The bigger problem: many public-sector pay scales are detached from market value. That distorts everything downstream, including tax burdens on a too-small private sector. Quebec’s answer is usually more control, not more competition.
What Bill 2 Actually Does
In the early hours of Saturday, Oct. 25, without meaningful debate, the Quebec government adopted Bill 2—a sweeping overhaul of physician compensation that critics call “Soviet-style” monitoring. It includes fines of up to $20,000 per day for “concerted action” protesting the changes.
Fallout so far:
- Over a thousand physicians protested in Quebec City, with more actions planned elsewhere.
- Three physicians with the provincial health authority resigned.
- The Social Services Minister resigned; her daughter, a maternal–fetal medicine specialist, wrote in Le Devoir that she is considering leaving for Ontario’s “deeply broken” alternative—because that’s how bad Quebec feels to practitioners right now.
- Ontario and New Brunswick report surges in applications from Quebec doctors.
All this in a province where over two million people lack access to a primary-care provider and ER wait times are the worst in Canada. Adding barriers will not fix access.
Key Provisions
- Imposed contract: Doctors have had no collective agreement since March 2023. Bill 2 imposes a new one.
- Pay tied to targets: 10% of physician pay is tied to provincial performance targets, with clawbacks if targets aren’t met.
- Examples: 75% of ER patients seen within 90 minutes; 97% of surgeries completed within 12 months of assessment.

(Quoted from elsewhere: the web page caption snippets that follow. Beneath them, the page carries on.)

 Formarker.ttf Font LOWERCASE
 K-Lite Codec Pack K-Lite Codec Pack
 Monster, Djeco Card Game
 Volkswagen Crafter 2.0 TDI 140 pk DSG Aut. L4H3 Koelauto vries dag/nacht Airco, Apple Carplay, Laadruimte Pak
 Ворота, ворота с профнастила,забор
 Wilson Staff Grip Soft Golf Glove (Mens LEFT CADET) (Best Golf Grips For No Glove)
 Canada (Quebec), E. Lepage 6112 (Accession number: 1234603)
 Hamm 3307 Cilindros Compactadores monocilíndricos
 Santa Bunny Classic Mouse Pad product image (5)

- Capitation for family medicine: Family physicians would be paid a fixed sum per patient. Quebec is already short roughly 1,200 GPs.
Why Doctors Object
Physicians argue the law shifts responsibility for systemic failures—staffing shortages, resource bottlenecks, administrative burdens—onto the profession.
- The FMSQ (specialists) and FMOQ (family doctors) will challenge Bill 2 in court.
- The Canadian Medical Association (CMA) strongly opposes it, warning it will drive early retirements and interprovincial exits, further weakening an already strained system.
- Quebec remains the only province without independent arbitration—a proven tool elsewhere for resolving disputes and improving access.
Government’s Defense
The Legault government says Bill 2 will improve access, promising every Quebecer a health professional by summer 2026. The budget offers:
- $400 million over four years to expand OR availability.
- $200 million over four years for family medicine groups (GMFs).
- $120 million over four years to boost staffing in CRDS (referral centers), hiring ~300 people to reduce specialist waitlists.
Effective date: Jan. 1, 2026.
Why Central Planning Keeps Failing
This is the core flaw of universal systems: when the money, metrics, and mandates are political, politics—not patients—drive decisions. Targets sound tidy in a press release; in practice, they punish the frontline and push talent out. That’s how you get a downward spiral: fewer doctors → longer waits → more political control → even fewer doctors.
From a Christian perspective, coerced “care” isn’t charity—it’s compulsion. Christ calls us to freely help our neighbor, not to surrender every decision to the state.
The Exit Ramp Quebec Won’t Take
There is another path: competition, choice, and clear pricing. Let practices compete on quality and speed. Let private solutions flourish alongside public coverage for the vulnerable. Reward outcomes, not box-ticking. Most of all, respect the people who do the work.
Until then, expect more doctors to vote with their feet—and more patients to suffer the consequences.
Consider making Jesus Christ your Lord and Savior today. Only transformed hearts produce wise stewardship, liberty over control, and systems that truly serve people rather than power.